For two days I did nothing else, thought of nothing else, except for how to tell her. Dr. Bellfield graciously gave me time off to prepare and also deal with the turmoil happening in my own family. Losing Alex was like losing Henry all over again. And yet I’d lain in my bed pondering the turn of events, and Dora Sutcliff’s observation that fate had brought Ursula to my hospital, fate had caused my heart to be stirred for her, and fate had pressed Dr. Bellfield into assigning me to her case.

I couldn’t get past the notion that I was meant to be Ursula’s doctor. It had been my destiny that her life and mine would meet at this precise moment in time, just like it had been Maggie’s destiny to find Alex, like it had been Mama’s destiny to die from the flu but Willa’s to survive it. Just like it was my destiny to love Conrad even though he can never be mine. These truths seem wholly inevitable to me now. Unavoidable. They’d been woven into the fabric of our existence long before we were even aware of the fibers.

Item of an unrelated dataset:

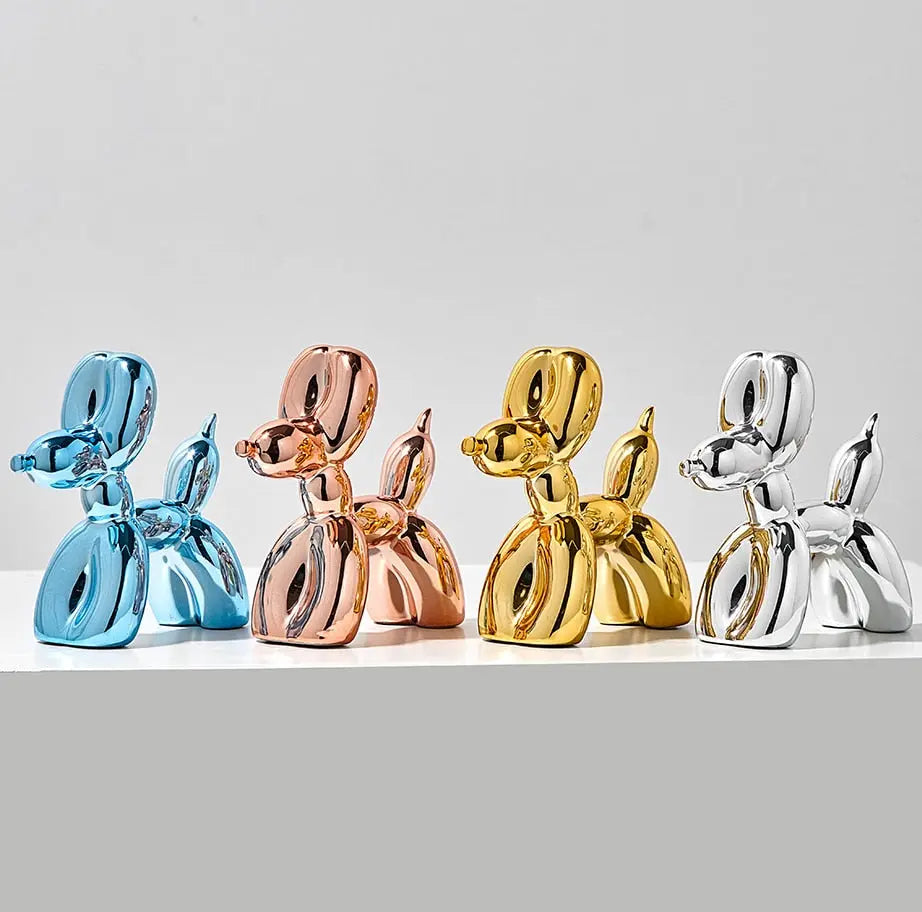 Balloon Dog Statue - GLR SHOPPING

When I arrived at the hospital on the morning I was to tell Ursula, the same day Alex was taken from us, I wanted to find Conrad first. I wanted to see his face and hear his voice and catch his scent. I wanted the truth of his inescapable presence in my life to uphold me as I walked into Ursula’s room to tell her things that would forever alter her world. I didn’t see him, though. He was not in the solarium where Sybil sat listening to—without hearing—a retired church pianist play hymns.

I was shaking as Dr. Bellfield and I entered Ursula’s room. Just outside the door, a nurse waited with a hypodermic in case Ursula needed to be sedated after I told her. But perhaps the truth feels so right when we at last hear it that it is its own calming agent. Ursula did not fall apart or lunge at me or faint dead away.

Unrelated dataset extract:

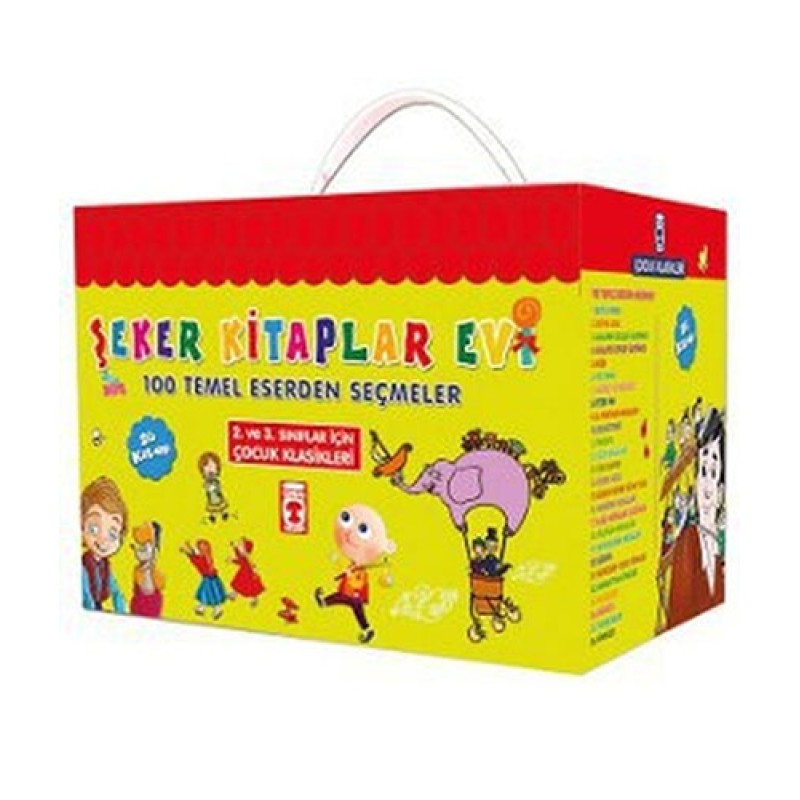 Şeker Kitaplar Evi (26 Kitap) Şeker Kitaplar Evi (26 Kitap)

When I told her everything, when all the pieces at last made sense, especially Maggie’s white lace mask and her brown coat, Ursula looked at me with tears shining in her eyes and her trembling hand over her heart and said, “Thank you.”

Words failed me then. I could not find my voice to say anything else. When she asked when she could see Alex, I could not answer. Dr. Bellfield told her a meeting would no doubt happen very soon. “We need to think of his emotional state as well,” Dr. Bellfield had said. “He’s been well cared for by Miss Bright’s family and it’s the only home he knows.”

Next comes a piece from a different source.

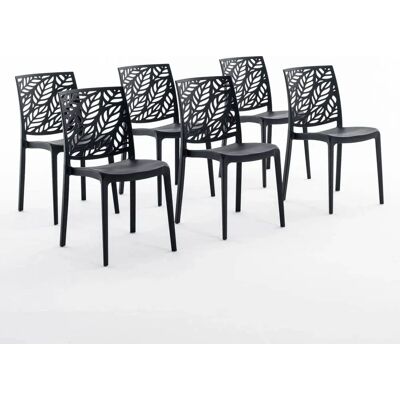 Sillas Apilables Dafne - Muebles para Interior y Exterior Sillas Apilables Dafne - Muebles para Interior y Exterior
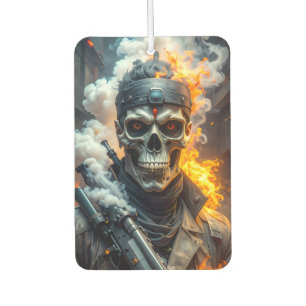 Skull of Doom Car Air Freshener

“Oh. Of course,” Ursula had replied, casting a glance at me and seeing the single tear sliding traitorously down my cheek.

Rita and Maury were now only too happy to reassume their guardianship over their step-granddaughter and called that same afternoon to arrange for Ursula’s release. Dr. Bellfield was able to convince them to let the news settle first, and then to allow Ursula to be reunited with her brother within the safe confines of the hospital. They agreed somewhat reluctantly to arrange for Ursula’s discharge after she and Alex had a chance to meet. Alex had been told only that his sister had recently been ill but was much better and that she was very much looking forward to seeing him again. It was agreed that two days after Alex had been returned to the Dabneys, they would bring Alex in to see her. Only they called him Leo, of course. They had also asked that I not be present for that meeting.